Special counsel prosecutors are asking the judges to sentence Papadopoulos to up to six months in prison for lying to the FBI in January 2017 about his contact in London with Maltese Joseph Mifsud. The lie set free Mifsud who since then has not returned to the US since February 2017 and has not been charged with a crime. (CNN/CD)
A group of 171 migrants who refused help by Maltese rescuers remain stranded off Lampedusa awaiting instructions by the Italian authorities. The boat got embroiled in fresh controversy between Italy and Malta over who should assume responsibility for the migrants. Malta retorted on Thursday that the boat was not in distress and the migrants were picked up closer to the Italian island. (Times of Malta)
The theme of migration is covered by three of the frontpages. The Times of Malta says that around 30 of the 120 men that have been pushed out of the Qormi cow farm have asked the owner to return after living on the streets since then. The Malta Independent reveals how a non-governmental migrant rescue operation acquired a new vessel to skirt a ban by the Maltese government. In-Nazzjon reports that the government accused Italy of not showing any interest in assuring the safety of migrants.
The Malta Independent reports that CCTV footage shows Dutch man Jelle Rijpma, accused of the Santa Venera murder, running with a knife in hand the night of the killing. The Times of Malta reports that victim Shannon Mak had quit a relation with Rijpma who displayed aggressive behaviour.
L-Orizzont publishes an interview with Winston Zahra, advocate for the protection of minors against sexual predators. He says that paedophiles should be “locked up and have the keys thrown away”. In a second story, the newspaper follows a argument between Finance Minister Edward Scicluna and MEP David casa which unfolded on Facebook.

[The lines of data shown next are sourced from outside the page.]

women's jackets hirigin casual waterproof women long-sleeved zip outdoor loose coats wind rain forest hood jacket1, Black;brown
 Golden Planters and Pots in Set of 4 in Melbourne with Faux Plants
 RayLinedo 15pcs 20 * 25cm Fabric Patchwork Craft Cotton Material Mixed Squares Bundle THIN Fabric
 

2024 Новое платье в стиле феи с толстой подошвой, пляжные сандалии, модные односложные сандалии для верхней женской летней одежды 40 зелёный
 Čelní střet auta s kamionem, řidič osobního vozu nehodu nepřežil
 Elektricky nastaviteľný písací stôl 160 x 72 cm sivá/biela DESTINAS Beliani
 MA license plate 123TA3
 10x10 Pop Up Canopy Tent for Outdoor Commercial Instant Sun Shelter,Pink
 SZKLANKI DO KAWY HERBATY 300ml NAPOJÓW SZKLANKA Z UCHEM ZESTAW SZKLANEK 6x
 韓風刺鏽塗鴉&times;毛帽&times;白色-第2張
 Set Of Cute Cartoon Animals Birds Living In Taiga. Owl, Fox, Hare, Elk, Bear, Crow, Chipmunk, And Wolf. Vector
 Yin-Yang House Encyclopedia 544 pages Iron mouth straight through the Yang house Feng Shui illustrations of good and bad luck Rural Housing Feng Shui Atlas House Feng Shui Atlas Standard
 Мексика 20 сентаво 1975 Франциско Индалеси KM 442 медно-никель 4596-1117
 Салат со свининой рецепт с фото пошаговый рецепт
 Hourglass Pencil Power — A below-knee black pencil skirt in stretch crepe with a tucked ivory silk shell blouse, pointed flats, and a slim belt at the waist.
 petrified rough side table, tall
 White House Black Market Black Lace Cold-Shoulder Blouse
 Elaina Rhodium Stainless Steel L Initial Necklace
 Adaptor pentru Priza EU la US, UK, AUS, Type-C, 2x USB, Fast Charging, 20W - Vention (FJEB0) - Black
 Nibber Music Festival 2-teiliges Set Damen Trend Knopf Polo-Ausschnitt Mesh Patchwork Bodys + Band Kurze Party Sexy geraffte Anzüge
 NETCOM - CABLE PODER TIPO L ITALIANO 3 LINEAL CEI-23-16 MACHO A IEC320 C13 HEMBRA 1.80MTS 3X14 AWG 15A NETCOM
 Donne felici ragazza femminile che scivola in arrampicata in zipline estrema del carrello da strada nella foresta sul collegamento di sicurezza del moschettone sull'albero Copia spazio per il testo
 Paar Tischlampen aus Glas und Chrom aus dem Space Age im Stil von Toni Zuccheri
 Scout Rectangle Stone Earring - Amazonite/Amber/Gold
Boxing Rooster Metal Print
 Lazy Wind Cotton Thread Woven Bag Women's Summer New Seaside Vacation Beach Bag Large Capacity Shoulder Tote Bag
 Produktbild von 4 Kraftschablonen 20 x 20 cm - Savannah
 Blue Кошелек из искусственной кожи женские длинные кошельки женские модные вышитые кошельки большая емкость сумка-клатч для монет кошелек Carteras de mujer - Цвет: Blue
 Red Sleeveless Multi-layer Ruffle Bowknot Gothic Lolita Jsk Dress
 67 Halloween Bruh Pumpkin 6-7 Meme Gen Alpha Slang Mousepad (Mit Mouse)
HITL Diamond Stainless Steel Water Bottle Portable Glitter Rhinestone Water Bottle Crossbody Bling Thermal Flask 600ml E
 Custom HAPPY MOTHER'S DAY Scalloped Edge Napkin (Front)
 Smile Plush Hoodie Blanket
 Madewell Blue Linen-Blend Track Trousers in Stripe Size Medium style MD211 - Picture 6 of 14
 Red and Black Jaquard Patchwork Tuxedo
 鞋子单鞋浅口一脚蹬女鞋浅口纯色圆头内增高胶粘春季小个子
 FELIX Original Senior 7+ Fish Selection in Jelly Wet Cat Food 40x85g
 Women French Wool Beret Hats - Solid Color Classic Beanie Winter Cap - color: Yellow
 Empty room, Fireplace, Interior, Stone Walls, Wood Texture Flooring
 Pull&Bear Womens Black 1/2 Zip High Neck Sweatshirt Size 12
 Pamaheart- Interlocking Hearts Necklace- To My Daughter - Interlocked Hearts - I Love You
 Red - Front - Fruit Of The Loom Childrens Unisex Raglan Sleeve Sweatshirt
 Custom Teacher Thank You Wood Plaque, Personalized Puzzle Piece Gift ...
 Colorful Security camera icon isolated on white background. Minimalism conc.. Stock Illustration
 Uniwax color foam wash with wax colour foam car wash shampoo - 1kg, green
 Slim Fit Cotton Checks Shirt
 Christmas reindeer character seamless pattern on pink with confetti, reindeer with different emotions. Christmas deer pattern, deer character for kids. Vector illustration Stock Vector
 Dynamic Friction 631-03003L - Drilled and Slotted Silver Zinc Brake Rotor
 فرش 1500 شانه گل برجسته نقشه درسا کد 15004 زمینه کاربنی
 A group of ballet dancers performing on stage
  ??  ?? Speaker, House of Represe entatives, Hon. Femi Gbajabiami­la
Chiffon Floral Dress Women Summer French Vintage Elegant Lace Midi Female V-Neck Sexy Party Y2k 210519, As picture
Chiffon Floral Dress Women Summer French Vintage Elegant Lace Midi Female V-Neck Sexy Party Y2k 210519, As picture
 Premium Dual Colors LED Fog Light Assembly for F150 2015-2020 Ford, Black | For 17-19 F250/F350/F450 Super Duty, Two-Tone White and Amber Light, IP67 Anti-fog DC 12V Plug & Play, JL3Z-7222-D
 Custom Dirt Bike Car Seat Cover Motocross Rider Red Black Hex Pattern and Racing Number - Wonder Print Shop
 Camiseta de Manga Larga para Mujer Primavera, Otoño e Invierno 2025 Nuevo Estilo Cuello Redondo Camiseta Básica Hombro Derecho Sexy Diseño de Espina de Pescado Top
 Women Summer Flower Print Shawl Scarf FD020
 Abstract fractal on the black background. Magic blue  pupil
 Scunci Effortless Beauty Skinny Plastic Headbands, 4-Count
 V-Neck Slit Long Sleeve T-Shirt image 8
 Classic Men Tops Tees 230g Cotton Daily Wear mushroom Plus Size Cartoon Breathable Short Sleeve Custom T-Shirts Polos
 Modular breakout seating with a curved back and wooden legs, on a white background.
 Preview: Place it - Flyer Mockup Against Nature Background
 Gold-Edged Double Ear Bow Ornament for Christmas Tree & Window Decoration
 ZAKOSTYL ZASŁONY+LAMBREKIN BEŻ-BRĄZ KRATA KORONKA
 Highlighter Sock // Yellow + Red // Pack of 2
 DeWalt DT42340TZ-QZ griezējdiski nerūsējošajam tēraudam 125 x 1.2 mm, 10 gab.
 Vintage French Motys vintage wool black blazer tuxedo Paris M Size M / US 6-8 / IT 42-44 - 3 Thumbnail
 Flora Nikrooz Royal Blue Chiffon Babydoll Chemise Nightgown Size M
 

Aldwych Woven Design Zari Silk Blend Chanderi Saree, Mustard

A separate story by In-Nazzjon tells how the arraignment of three men on charges of drug dealing shed new light on how traffickers operate.
The bomb used by the Saudi-led coalition in a devastating attack on a school bus in Yemen, that left dozens of children dead on August 9th, was a laser guided ML82 bomb, made by Lockheed Martin and was sold as part of a US-State Department sanctioned arms deal with Saudi Arabia. This was confirmed by munitions experts to CNN.
The judge presiding over the trial of Paul Manafort said he’s received threats and denied media requests to disclose jurors’ names over fears for their safety. The jury in Manafort’s trial didn’t reach a verdict on Friday and is expected to return to court on Monday. (Various)
Italy is preparing an official day of mourning Saturday to commemorate the dozens of people killed in Genoa’s bridge disaster with some outraged relatives of victims set to shun the official ceremonies. (La Stampa/AFP)
Russian President Vladimir Putin is set to meet German Chancellor Angela Merkel on Saturday. On his way Putin will be attending the wedding of the Austrian foreign minister. Some opposition politicians have voiced concern about the potential cost to taxpayers incurred by increased security for the visit. Members of the country’s Green Party are among those calling for the foreign minister to resign over Putin’s invitation. (BBC)
A strong earthquake shook the southern Costa Rica near the border with Panama on Friday evening. The earthquake measured 6.1. There was no major damage recorded. Another earthquake (6.6) jolted Indonesian city of Raba on the island of Sumbawa. (AP/SKY)
More than 324 people have died in the worst flooding in nearly a century in the south Indian state of Kerala. Roads are damaged, mobile phone networks are down, an international airport has been closed and more than 220,000 people have been left homeless after unusually heavy rain in the past nine days.
Pakistan’s parliament has elected Imran Khan as prime minister after his party swept the general election last month, vowing to bring an era of accountability and prosperity to the South Asian country.
The Libyan National Gathering, which has figures loyal to the regime of Moamar Gaddafi, held Wednesday its second conference in Tripoli and announced its intention to nominate candidates for the upcoming Libyan elections and any other political privileges “to salvage the country.”